Adesso mi ricollego alle riflessioni di cui sopra per domandare: si può non aver ancora provato ad ascoltare i Mariposa? Ci sono in Italia alternative valide al punto da poter fare a meno di questa banda da musica? Si può essere soddisfatti di una “visione” musicale che non li contempli? E quindi, i Mariposa, possono aspirare al contraddittorio rango di “nota cult band” e aun ampio pubblico senza contraddire la genuinità e la qualità del proprio talento artistico?
La risposta è affermativa, decisamente. ‘Servitù Coattiva di Elettrodotto’ vede i nostri assoluti protagonisti di un lungo, “klezmerico” sogno mitteleruropeo in cui – “quello per questo è un sogno” – si materializza dell’inatteso “plasma” sintetici. Vale a dire: anche questo, nel loro già ampio spettro stilistico. E quest’altro ancora, ossia ‘I Bambini Collaterali’: para-electro-noise ossessivo e “riffato”, con la quale vorremmo tanto giocare ma – rispondono – “il pallone non è mio” (e già, volevamo tralasciare i testi di Alessandro Fiori?).
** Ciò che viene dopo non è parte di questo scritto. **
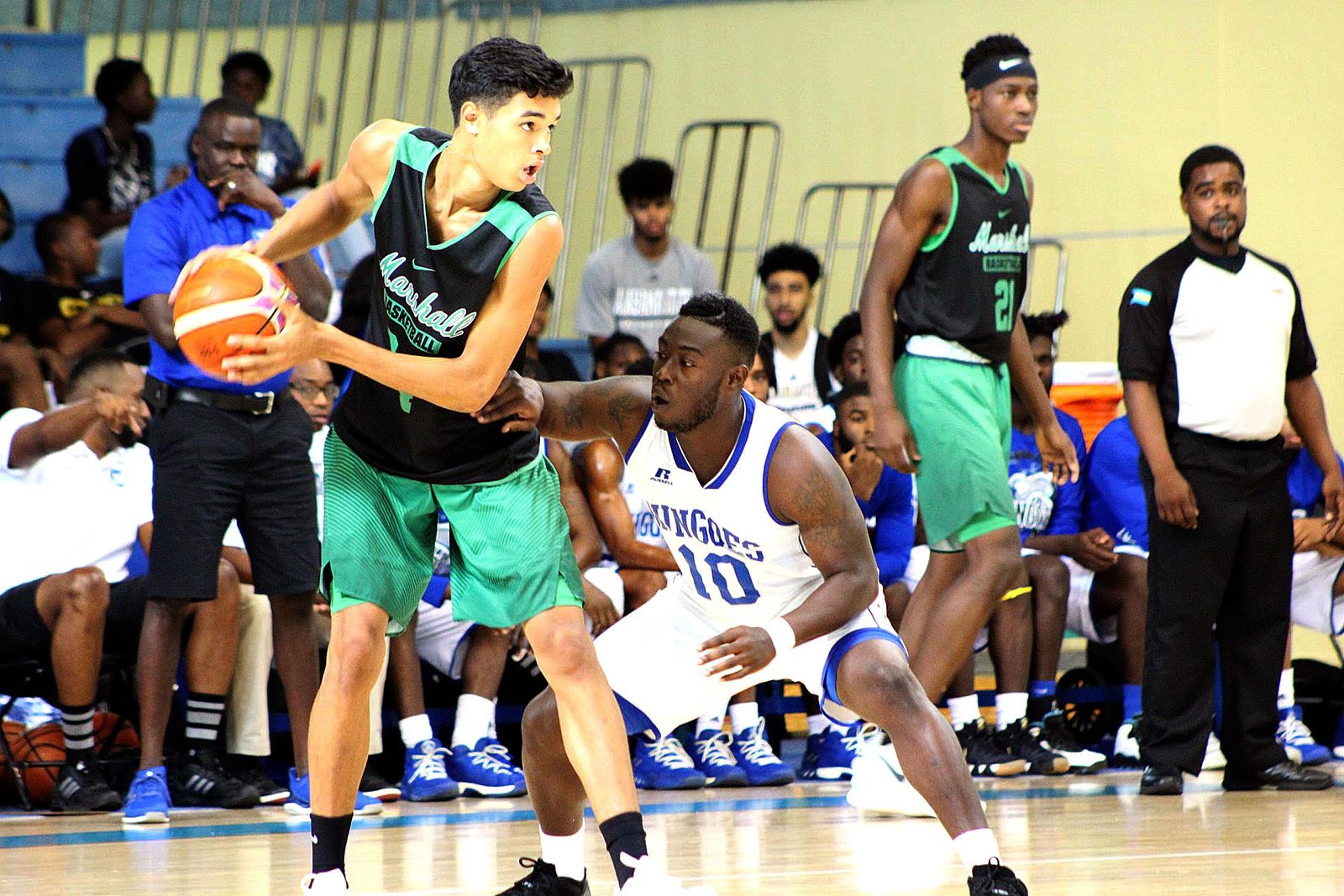 UB Mingoes set to face off in Summer of Thunder Series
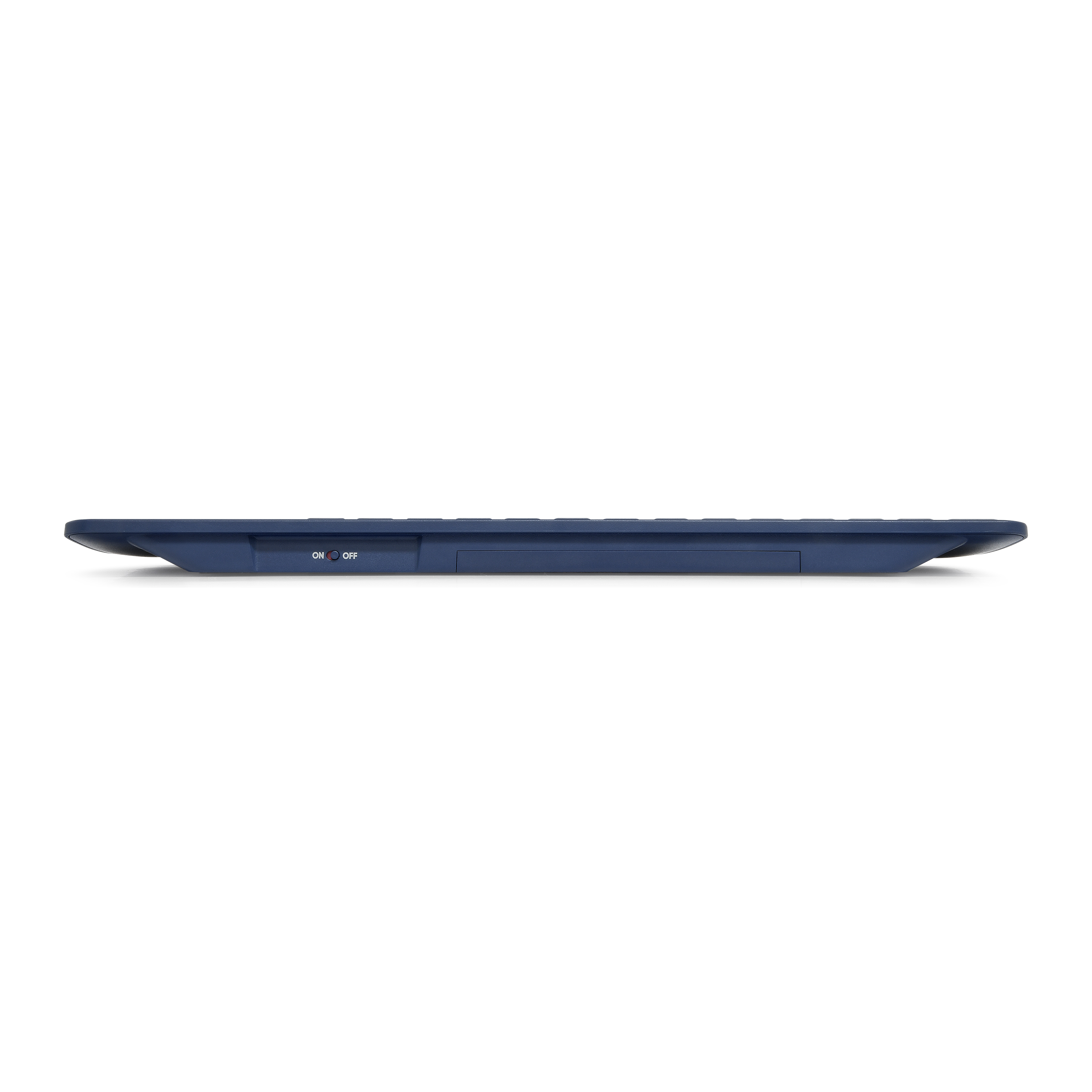 onn Curve Wireless Full-Size Keyboard & Mouse, Blue photo 6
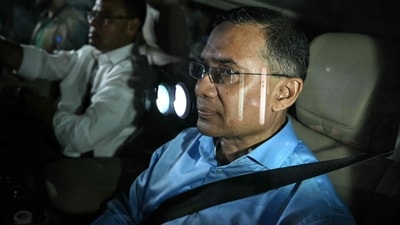 File photo of Bangladesh PM Tarique Rahman (AFP) File photo of Bangladesh PM Tarique Rahman (AFP)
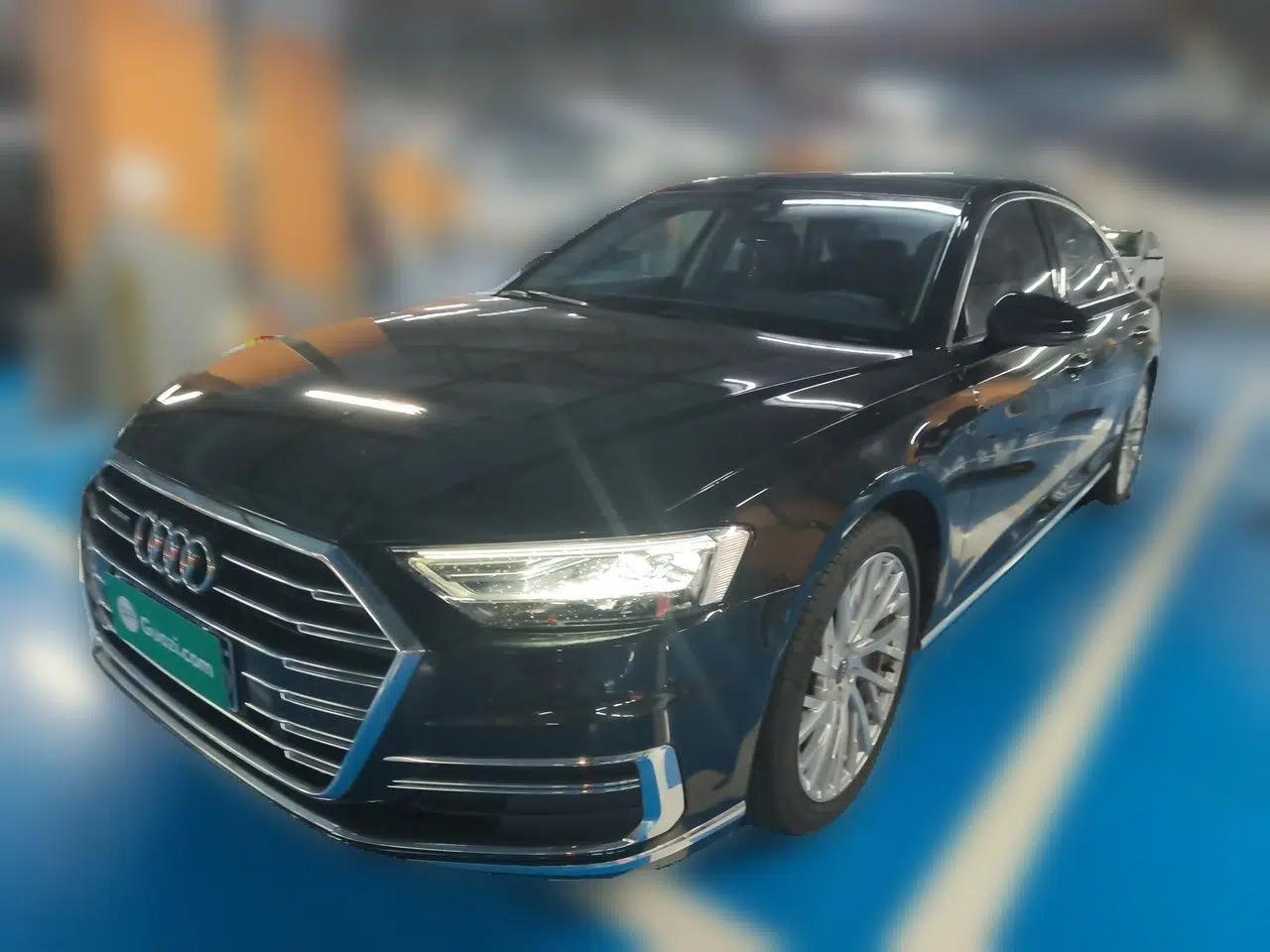 Audi A8 2018 A8L 55 TFSI quattro Launch Edition Prestige Model — миниатюра 1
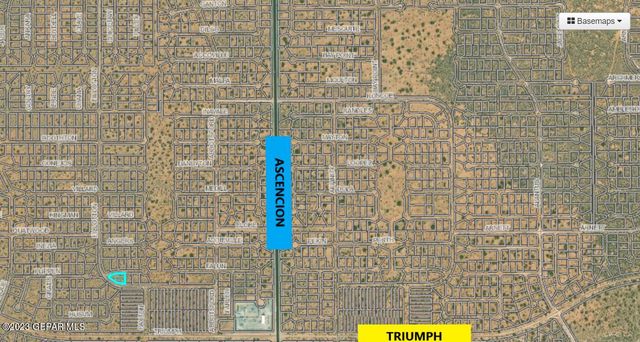 0 Villard, El Paso, TX 79938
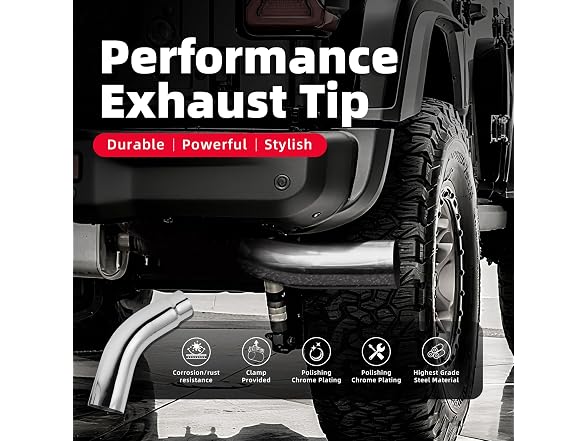REWONIXAL Diesel Exhaust Tip Elbow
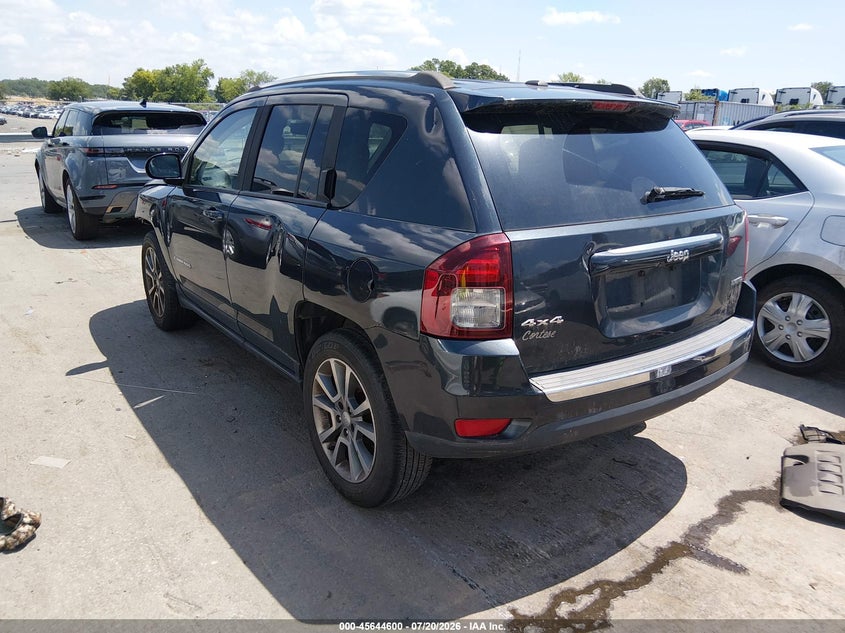 Vin: 1c4njdcb6fd177094, lot: 46143123, jeep compass limited 20153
E dopo il tiepido interludio acustico de ‘La Luna Ha Molto Tempo da Buttare’, veniamo informati, secondo la consueta nonsense da filastrocca, che ‘è Maturo il Tempo della Rivoluzione’ (sottotitolo de ‘Il Pappagallo’), mirabile saggio di quella che, da questo disco in avanti, riconosceremo come “musica componibile”. A loro, e a nessun altro, il palco delle nostre passioni.